ABC is an equilateral spherical triangle in which small displacements are made, in the sides and angles, of such a nature that the triangle remains equilateral. Prove that $$ \frac{da}{dA} = \cos\left({\frac{A}{2}}\right) \cot\left({\frac{a}{2}}\right) $$
I would have mentioned my progress. But all I have been able to done is differentiate different trigonomeric formulae to get an expression which is of no use to simplify, since it never matches with answer on a numerical verification.
Please help. A hint on how to start might be enough.
NOTE: This question is Q9 of Execrcise 1 from W.M. Smart's Spherical Astronomy.
I don’t believe the formula is correct as quoted.
We’re dealing with an equilateral (and equiangular!) spherical triangle, and to avoid (my own) confusion, I’ll call the side-length $s$ and the angle $\theta$. Both are angles, of course. The most obvious thing is to bisect the triangle into two right triangles, each with hypotenuse $s$ and one side $s/2$, this latter side being opposite the angle $\theta/2$, while the other angle of the triangle is still $\theta$.

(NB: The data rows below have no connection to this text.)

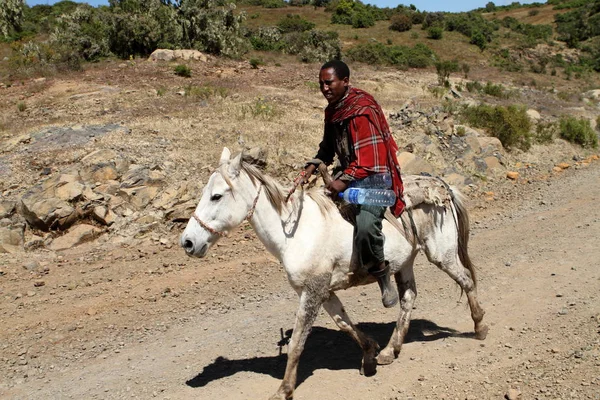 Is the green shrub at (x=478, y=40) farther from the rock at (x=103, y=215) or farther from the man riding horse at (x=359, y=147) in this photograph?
the man riding horse at (x=359, y=147)

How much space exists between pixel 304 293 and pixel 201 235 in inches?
38.2

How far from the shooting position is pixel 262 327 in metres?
5.88

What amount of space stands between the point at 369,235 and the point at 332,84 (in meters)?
1.23

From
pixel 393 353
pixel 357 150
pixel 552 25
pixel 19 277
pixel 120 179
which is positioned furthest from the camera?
pixel 552 25

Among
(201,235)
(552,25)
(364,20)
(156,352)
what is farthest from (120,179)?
(552,25)

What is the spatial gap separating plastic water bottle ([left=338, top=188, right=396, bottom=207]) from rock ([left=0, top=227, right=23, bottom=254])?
6.71 metres

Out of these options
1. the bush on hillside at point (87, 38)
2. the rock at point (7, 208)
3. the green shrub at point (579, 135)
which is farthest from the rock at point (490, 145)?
the bush on hillside at point (87, 38)

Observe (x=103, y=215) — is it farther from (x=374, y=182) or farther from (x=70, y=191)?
(x=374, y=182)

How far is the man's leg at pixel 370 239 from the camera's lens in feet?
13.4

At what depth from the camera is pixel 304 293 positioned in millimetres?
4102

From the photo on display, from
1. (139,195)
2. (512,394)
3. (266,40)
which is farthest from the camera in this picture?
(266,40)

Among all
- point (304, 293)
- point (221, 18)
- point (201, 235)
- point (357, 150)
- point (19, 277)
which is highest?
point (221, 18)

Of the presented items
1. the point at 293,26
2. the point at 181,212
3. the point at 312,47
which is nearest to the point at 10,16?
the point at 312,47

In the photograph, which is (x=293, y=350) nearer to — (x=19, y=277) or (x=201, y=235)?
(x=201, y=235) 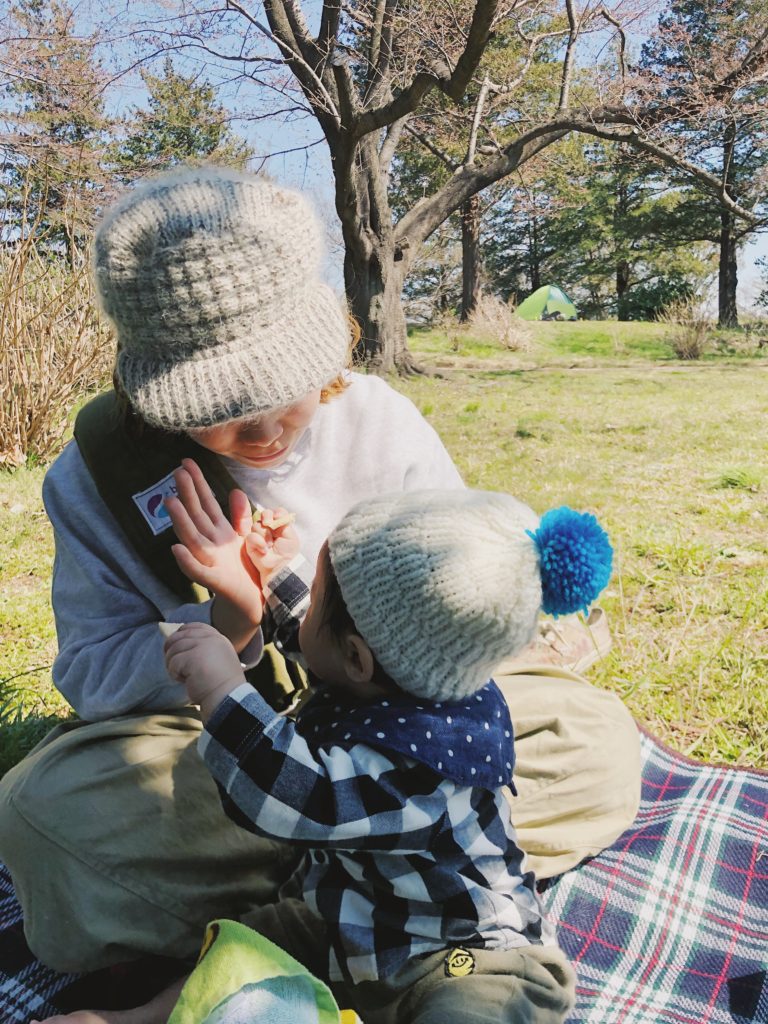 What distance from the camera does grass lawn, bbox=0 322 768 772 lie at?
9.36 feet

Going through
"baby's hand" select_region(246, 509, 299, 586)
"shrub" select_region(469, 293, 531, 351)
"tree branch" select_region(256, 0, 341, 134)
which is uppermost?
"tree branch" select_region(256, 0, 341, 134)

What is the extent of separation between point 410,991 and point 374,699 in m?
0.47

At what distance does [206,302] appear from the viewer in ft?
4.79

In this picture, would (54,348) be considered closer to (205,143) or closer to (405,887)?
(405,887)

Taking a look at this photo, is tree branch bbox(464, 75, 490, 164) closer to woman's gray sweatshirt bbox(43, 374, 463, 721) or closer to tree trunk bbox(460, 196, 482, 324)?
tree trunk bbox(460, 196, 482, 324)

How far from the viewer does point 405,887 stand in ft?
4.39

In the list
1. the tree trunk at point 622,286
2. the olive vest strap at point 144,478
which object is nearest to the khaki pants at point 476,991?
the olive vest strap at point 144,478

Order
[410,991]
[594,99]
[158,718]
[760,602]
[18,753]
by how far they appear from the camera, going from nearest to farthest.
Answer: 1. [410,991]
2. [158,718]
3. [18,753]
4. [760,602]
5. [594,99]

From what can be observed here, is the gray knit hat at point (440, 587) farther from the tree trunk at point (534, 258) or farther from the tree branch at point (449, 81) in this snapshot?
the tree trunk at point (534, 258)

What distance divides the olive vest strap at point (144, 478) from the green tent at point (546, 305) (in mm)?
23865

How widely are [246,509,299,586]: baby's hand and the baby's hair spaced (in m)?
0.24

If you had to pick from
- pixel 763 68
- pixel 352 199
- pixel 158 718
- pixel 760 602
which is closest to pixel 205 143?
pixel 352 199

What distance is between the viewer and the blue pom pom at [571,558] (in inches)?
53.0

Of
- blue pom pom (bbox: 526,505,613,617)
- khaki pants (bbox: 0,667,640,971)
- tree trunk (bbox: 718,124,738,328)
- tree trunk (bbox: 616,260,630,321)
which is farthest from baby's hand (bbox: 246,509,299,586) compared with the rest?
tree trunk (bbox: 616,260,630,321) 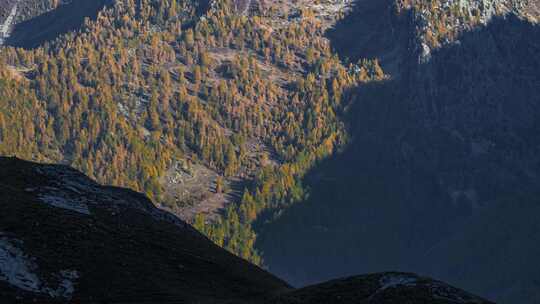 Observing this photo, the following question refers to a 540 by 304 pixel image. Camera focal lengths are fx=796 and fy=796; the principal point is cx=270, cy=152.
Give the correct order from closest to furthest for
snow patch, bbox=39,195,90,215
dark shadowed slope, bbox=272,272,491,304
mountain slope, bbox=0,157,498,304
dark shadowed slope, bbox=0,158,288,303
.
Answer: dark shadowed slope, bbox=0,158,288,303
mountain slope, bbox=0,157,498,304
dark shadowed slope, bbox=272,272,491,304
snow patch, bbox=39,195,90,215

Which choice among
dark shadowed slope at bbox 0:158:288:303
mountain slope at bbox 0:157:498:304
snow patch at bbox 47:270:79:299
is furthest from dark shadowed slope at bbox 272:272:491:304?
snow patch at bbox 47:270:79:299

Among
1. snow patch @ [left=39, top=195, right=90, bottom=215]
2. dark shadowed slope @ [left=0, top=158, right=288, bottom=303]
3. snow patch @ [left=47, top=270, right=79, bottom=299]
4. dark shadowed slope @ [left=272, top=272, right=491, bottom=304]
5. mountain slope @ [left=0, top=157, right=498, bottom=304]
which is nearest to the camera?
snow patch @ [left=47, top=270, right=79, bottom=299]

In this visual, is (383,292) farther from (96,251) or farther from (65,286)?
(65,286)

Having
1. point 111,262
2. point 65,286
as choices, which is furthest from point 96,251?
point 65,286

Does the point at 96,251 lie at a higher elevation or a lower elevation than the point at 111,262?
higher

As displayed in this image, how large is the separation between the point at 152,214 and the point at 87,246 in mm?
30183

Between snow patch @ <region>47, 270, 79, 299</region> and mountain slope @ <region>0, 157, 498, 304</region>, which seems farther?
mountain slope @ <region>0, 157, 498, 304</region>

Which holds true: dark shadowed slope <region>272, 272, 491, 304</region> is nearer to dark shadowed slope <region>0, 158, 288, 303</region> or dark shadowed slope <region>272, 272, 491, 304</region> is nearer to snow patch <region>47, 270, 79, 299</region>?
dark shadowed slope <region>0, 158, 288, 303</region>

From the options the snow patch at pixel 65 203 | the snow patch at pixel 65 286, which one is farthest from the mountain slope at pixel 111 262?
the snow patch at pixel 65 203

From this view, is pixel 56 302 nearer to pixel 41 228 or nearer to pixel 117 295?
pixel 117 295

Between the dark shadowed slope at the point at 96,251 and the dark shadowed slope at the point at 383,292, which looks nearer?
the dark shadowed slope at the point at 96,251

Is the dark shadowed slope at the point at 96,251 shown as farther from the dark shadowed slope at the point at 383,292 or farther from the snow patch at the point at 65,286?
the dark shadowed slope at the point at 383,292

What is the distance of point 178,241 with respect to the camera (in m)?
104

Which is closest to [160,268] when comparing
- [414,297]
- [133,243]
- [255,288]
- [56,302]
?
[133,243] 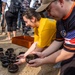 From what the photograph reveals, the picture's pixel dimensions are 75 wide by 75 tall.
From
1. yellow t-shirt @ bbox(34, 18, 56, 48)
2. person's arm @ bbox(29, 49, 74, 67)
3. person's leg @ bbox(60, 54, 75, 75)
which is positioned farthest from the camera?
yellow t-shirt @ bbox(34, 18, 56, 48)

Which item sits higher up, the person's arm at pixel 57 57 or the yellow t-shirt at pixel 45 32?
the person's arm at pixel 57 57

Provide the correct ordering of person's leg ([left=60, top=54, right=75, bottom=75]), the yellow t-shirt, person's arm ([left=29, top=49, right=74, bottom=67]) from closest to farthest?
person's arm ([left=29, top=49, right=74, bottom=67]), person's leg ([left=60, top=54, right=75, bottom=75]), the yellow t-shirt

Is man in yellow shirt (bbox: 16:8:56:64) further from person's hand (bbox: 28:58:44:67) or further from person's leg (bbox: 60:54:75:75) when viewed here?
person's leg (bbox: 60:54:75:75)

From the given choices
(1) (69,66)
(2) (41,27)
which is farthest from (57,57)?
(2) (41,27)

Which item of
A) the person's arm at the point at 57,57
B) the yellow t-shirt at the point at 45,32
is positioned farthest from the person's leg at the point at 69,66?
the yellow t-shirt at the point at 45,32

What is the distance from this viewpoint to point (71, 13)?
69.3 inches

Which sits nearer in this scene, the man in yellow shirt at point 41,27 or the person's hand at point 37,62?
the person's hand at point 37,62

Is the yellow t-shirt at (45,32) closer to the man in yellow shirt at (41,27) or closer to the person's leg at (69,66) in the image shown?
the man in yellow shirt at (41,27)

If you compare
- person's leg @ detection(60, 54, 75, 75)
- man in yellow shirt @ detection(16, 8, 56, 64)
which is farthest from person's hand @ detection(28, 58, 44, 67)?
man in yellow shirt @ detection(16, 8, 56, 64)

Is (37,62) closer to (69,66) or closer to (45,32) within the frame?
(69,66)

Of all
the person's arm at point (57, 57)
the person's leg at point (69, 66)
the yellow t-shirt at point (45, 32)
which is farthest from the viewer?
the yellow t-shirt at point (45, 32)

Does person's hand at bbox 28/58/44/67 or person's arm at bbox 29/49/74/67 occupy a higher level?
person's arm at bbox 29/49/74/67

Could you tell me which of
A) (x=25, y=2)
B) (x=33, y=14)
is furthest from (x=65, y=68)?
(x=25, y=2)

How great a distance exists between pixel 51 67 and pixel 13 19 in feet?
6.74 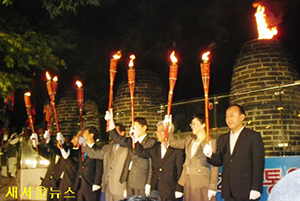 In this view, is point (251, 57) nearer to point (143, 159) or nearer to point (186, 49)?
point (143, 159)

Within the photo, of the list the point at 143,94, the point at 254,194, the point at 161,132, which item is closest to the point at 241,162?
the point at 254,194

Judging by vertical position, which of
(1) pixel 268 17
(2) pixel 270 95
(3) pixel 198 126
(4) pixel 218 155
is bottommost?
(4) pixel 218 155

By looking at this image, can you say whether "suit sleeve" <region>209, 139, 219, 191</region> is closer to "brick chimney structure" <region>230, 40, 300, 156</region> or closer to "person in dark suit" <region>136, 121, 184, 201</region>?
"person in dark suit" <region>136, 121, 184, 201</region>

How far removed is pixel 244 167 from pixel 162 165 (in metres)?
1.73

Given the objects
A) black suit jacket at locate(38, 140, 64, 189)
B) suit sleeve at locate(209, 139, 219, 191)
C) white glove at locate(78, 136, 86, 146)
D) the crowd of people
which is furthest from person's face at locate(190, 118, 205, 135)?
black suit jacket at locate(38, 140, 64, 189)

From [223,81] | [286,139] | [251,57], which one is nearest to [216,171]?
[286,139]

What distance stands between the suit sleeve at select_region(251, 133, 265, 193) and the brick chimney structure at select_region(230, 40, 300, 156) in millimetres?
1170

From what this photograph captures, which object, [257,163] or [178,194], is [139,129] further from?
[257,163]

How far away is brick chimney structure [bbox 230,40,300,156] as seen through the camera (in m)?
7.20

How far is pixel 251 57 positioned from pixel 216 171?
3753mm

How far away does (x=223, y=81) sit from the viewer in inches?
638

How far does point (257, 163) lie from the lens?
6.03m

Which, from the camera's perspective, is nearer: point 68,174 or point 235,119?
point 235,119

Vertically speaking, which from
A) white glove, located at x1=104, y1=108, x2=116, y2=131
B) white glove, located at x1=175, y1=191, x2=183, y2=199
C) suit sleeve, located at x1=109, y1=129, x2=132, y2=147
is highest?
white glove, located at x1=104, y1=108, x2=116, y2=131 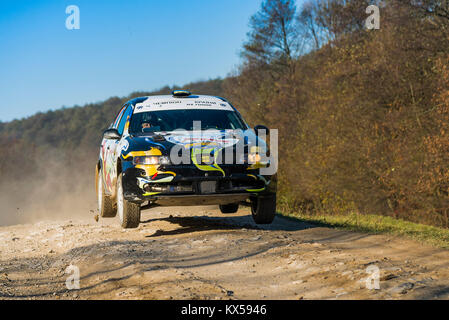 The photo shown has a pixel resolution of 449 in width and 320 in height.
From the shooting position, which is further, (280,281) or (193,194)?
(193,194)

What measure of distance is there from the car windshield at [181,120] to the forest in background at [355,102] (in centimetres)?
1058

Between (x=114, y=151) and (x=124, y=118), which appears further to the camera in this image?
(x=124, y=118)

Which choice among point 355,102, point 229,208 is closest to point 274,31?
point 355,102

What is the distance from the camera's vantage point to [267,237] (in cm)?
853

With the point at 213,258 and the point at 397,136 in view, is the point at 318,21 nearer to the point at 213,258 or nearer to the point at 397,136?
the point at 397,136

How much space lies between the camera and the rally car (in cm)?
831

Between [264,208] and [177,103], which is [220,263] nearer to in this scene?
[264,208]

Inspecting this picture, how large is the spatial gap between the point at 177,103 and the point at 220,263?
12.5 feet

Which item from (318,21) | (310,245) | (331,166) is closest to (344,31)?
(318,21)

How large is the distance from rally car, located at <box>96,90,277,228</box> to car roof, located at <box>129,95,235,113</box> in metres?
0.23

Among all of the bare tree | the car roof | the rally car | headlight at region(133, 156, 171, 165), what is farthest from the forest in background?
headlight at region(133, 156, 171, 165)

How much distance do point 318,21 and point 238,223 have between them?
2995 cm

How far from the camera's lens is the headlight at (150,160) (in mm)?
8305

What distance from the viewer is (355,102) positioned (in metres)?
27.4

Now, one of the standard formulas for right spherical triangles is $$ \cos c=\cot A\cot B\,, $$ and for us, $c=s$, $A=\theta$, $B=\theta/2$. So we differentiate our relation $\cos s=\cot\theta\cot(\theta/2)$, and get \begin{align} -\sin s\frac{ds}{d\theta}&=-\cot\theta\csc^2(\theta/2)\cdot\frac12 -\csc^2\theta\cot(\theta/2)\\ \frac{ds}{d\theta}&=\frac{\frac12\cot\theta\csc^2(\theta/2)+\csc^2\theta\cot(\theta/2)}{\sin s}\,. \end{align} Now let’s test this out on the nicest possible equilateral triangle, the one whose sides and angles are both $90^\circ$. Here, the first term in the numerator drops out, ’cause $\cot90^\circ=0$, but everything else evaluates to $1$, and so even $ds/d\theta=1$ at this test-point. Yet, the formula evaluates to $\sqrt2/2$, unequal to $1$.